Do you think the project, entitledFountain of Exhaustion. Acqua Alta’ can create a resonance at this time over there?

The question is, of course, which levels of the project will create a resonance. The Ukrainian pavilion will draw a lot of attention, no matter what they show. Makov is a relatively conservative artist, a bit of an ‘antique’ even ‒ a kind of poetic quasi-archaeology. Over the years, the Ukrainian Pavilion has showcased lots of diverse projects that have had various degrees of connection with contemporaneity. This is a case where what you do best is lulling whispers but history puts a loudspeaker in your hand.  I think that the show will be noticed ‒ in one way or another.

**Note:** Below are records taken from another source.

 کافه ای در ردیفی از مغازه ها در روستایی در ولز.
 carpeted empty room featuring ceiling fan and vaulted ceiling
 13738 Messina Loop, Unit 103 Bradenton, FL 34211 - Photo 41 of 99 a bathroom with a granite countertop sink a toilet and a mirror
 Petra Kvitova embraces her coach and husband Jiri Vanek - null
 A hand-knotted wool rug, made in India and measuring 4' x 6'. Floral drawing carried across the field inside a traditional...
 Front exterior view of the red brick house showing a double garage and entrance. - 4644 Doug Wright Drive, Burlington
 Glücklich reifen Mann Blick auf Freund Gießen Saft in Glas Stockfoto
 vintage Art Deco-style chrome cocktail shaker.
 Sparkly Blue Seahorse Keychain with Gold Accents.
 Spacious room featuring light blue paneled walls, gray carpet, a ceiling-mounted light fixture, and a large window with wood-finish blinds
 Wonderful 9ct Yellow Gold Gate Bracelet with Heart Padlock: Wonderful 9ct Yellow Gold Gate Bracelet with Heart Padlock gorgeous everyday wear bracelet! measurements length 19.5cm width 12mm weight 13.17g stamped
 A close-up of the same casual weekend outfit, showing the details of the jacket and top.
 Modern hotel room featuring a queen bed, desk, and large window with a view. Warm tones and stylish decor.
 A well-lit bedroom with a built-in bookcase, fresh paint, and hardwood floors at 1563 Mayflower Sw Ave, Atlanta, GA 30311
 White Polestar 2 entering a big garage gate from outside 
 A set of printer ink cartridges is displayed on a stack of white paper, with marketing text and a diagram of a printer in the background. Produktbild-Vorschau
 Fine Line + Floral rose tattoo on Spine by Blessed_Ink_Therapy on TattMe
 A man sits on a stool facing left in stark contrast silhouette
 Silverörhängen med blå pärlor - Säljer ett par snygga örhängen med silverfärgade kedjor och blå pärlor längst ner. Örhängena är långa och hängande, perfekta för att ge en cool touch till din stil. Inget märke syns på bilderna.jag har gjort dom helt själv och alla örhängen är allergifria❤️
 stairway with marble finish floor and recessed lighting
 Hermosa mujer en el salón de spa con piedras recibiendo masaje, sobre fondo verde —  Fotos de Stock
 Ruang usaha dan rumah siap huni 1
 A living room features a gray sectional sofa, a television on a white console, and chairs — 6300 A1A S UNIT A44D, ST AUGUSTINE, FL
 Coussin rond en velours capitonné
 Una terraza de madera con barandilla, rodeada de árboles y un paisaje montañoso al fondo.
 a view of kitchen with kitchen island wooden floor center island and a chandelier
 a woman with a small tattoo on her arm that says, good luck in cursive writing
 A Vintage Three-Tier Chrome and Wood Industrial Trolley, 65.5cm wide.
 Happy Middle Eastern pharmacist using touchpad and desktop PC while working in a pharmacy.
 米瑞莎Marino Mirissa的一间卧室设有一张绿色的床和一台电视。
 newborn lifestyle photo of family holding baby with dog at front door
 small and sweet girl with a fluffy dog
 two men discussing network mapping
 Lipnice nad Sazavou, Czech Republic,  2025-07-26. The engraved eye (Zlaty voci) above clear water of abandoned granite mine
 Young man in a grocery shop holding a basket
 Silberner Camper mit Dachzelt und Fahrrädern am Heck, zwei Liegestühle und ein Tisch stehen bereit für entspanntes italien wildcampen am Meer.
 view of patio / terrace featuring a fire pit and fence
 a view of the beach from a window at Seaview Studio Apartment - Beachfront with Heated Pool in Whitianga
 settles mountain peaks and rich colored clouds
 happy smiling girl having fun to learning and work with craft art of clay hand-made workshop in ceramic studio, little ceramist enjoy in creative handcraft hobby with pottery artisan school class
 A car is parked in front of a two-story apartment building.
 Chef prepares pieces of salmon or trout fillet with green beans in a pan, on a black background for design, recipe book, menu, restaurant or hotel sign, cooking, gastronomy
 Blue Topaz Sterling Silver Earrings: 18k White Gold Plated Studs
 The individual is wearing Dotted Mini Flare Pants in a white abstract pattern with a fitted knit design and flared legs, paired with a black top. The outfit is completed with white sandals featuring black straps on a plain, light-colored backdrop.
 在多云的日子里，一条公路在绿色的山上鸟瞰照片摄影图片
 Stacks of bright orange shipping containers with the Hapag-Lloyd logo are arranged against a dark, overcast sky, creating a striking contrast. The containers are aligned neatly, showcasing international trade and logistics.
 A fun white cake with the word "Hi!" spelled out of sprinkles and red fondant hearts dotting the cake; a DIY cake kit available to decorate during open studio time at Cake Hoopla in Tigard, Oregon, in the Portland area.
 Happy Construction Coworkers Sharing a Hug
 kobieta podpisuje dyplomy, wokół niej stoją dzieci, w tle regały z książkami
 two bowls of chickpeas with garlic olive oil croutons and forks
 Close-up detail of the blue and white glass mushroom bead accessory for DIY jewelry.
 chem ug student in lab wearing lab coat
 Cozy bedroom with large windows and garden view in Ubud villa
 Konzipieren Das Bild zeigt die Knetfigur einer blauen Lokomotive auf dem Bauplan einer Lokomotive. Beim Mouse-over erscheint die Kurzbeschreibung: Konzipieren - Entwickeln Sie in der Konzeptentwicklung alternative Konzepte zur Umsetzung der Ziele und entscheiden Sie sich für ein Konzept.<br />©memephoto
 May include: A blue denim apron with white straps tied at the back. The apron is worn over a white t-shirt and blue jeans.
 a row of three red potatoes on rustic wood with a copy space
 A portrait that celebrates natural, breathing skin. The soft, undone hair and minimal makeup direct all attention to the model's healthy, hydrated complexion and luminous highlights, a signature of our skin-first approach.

Anyway, the question remains ‒ what does it mean to resonate today? Does it imply that the actual fact of you speaking has been noticed or the content of what you had to say? The recognition of the fact that there is art in Ukraine has taken place. And it goes hand in hand with the recognition that there is Ukraine itself and that a catastrophe is unfolding there. The goal is now to move from the bare recognition of the catastrophe to explanation of its logic ‒ and from thereon, to predicting the perhaps fantastic ways in which life will inevitably prevail.